Ehrlich gesagt staune ich ein wenig über Vodafone, das so genannte Internet-Manifest und die Folgen. Schauen wir ein wenig zurück: Nehmen wir Adical, Opel oder welche Themen auch immer die so genannte Blogosphäre aufgerüttelt haben: Meist gab es täglich Updates an der Blogbar, manchmal auch auf F!XMBR, auf wenigen anderen Blogs - in der Folge gab eine kleine Welle, Empörung, Wut und Spaß, das normale Spiel halt. Diese wenigen Blogs, wie die Blogbar oder F!XMBR, werden auch heute noch gerne von der Berliner Clique als die üblichen Verdächtigen in eine gewisse Ecke gestellt. Man kann uns nicht kaufen, also diffamiert man uns beim potentiellen Geldgeber.

Im Fall Vodafone und jetzt auch im Fail des Jahres, dem Internet-Manifest, ist es vollkommen anders. Selbstverständlich hat der Don, haben wir unsere Meinung zu der journalistischen Bankrotterklärung abgegeben. Wir haben ja schließlich nicht aufgehört, zu schreiben. Doch sind es mittlerweile nicht nur einzelne Kritiker, wenige Blogs, die diverse Machenschaften hinterfragen - der Berliner Clique steht eine breite und gewaltige Ablehnung gegenüber.
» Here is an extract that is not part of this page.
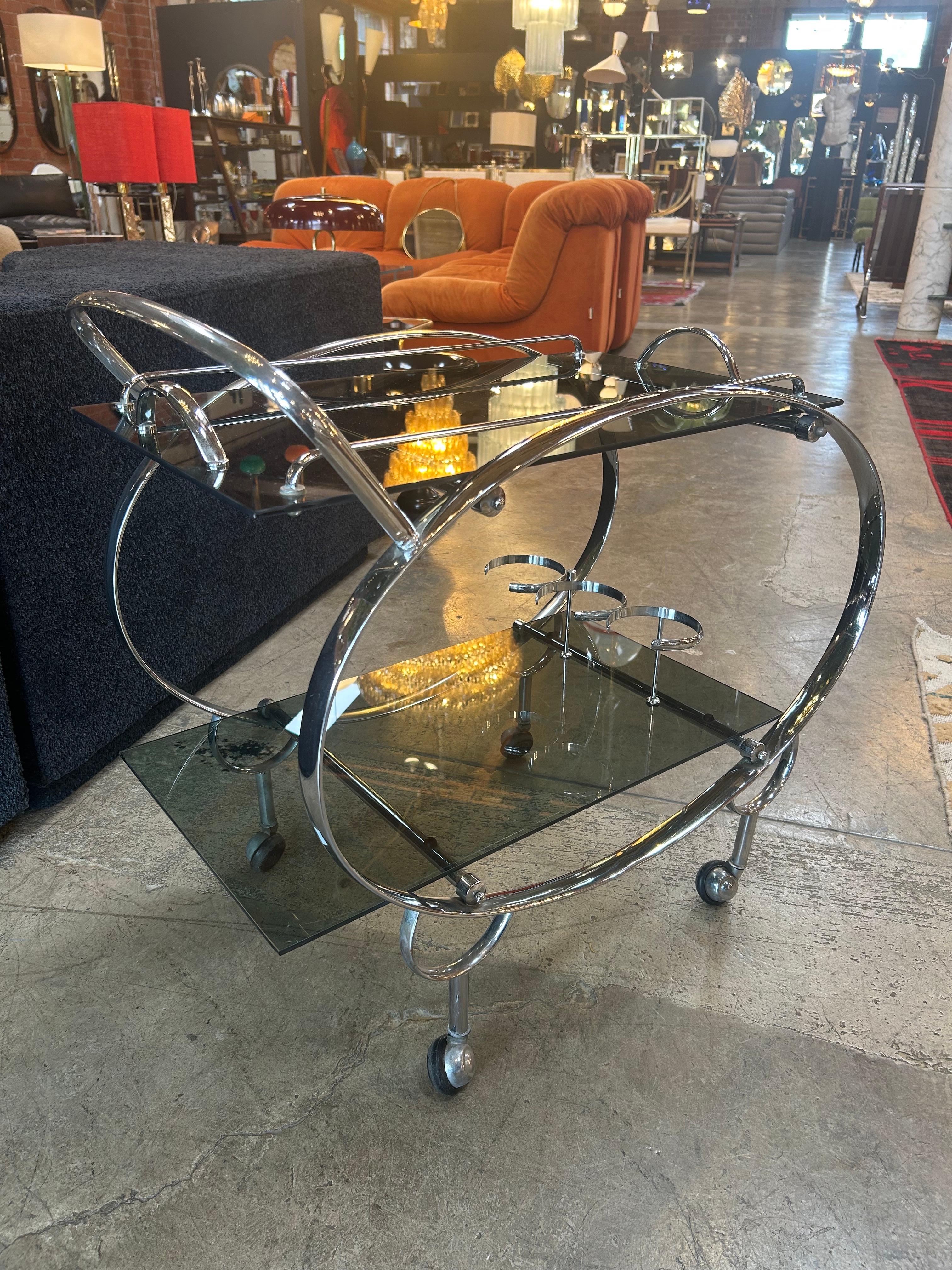 Fabricado en la década de 1930-1940, este carrito de bar Bauhaus de Italia presenta un impresionante diseño Art Déco. Fabricada con elegante metal cromado y estantes de cristal, incluye asas, elegantes curvas y una llamativa forma escultórica. La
Kritik wird nicht mehr auf wenigen Blogs veröffentlicht - die Ablehnung der Koofmichs und Werber ist mittlerweile so breit gefächert, dass mir das als Angehöriger der Berliner Szene ernsthaft Sorgen machen würde. Sie werden selbstverständlich die Reaktionen ihrer Fanboys, die es natürlich auch gibt, feiern und verkaufen - vielleicht aber mal im stillen Kämmerlein darüber nachdenken, was sie all die Jahre verkehrt gemacht haben.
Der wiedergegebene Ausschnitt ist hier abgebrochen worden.